# [WHAT YOU NEED TO DO]
Return all of the data exactly, with nothing left out but the pictures.

# [DATA]
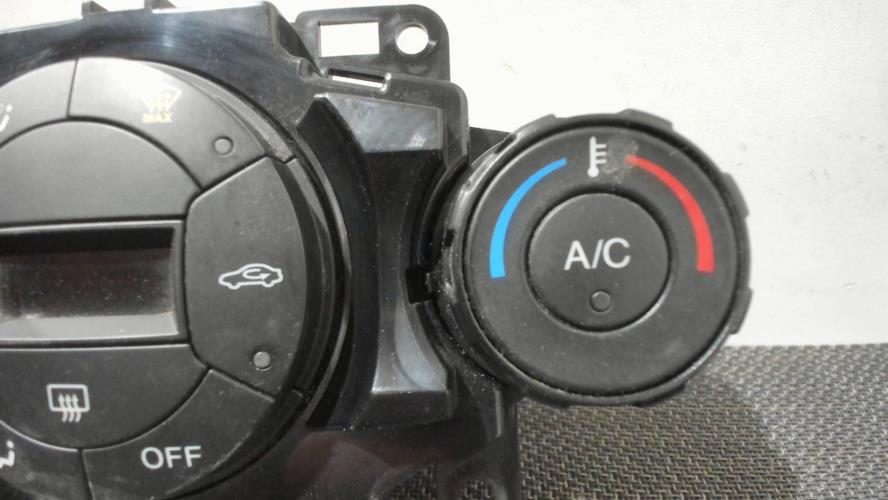 Image Commande chauffage - FORD FIESTA 6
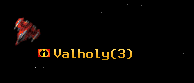 Valholy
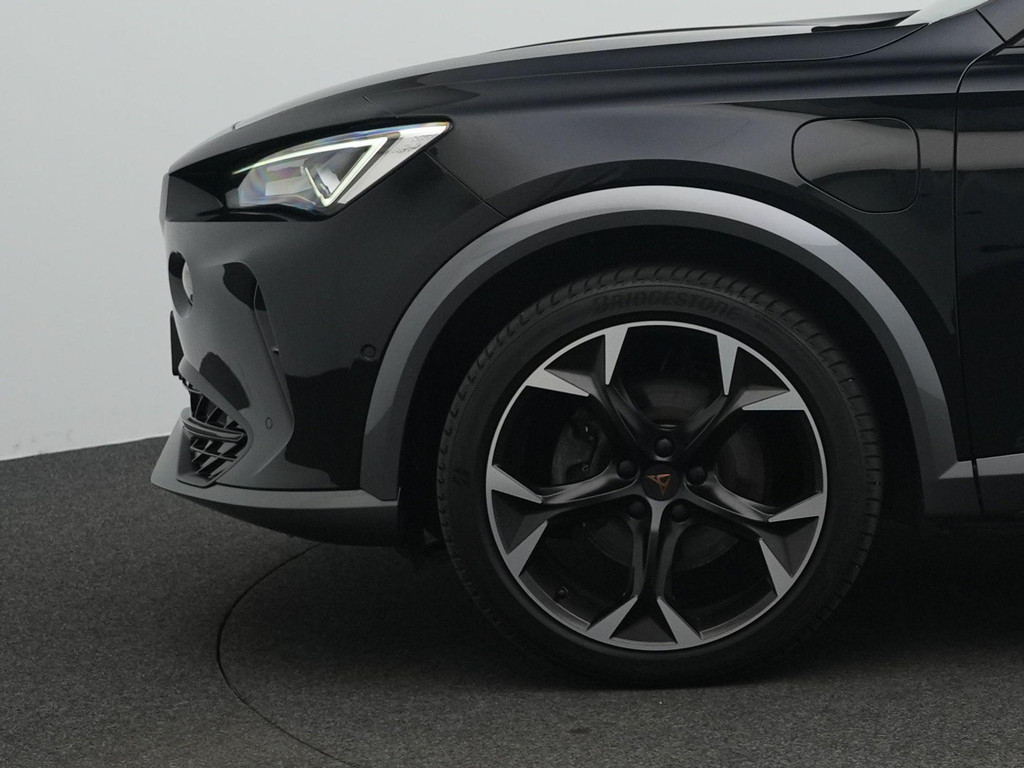 CUPRA Formentor (KVD75K) met abonnement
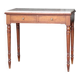 Table, bureau marqué L'ameublement, années 20-30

# [RESPONSE TO THE EXERCISE]
 Image Commande chauffage - FORD FIESTA 6
 Valholy
 CUPRA Formentor (KVD75K) met abonnement
 Table, bureau marqué L'ameublement, années 20-30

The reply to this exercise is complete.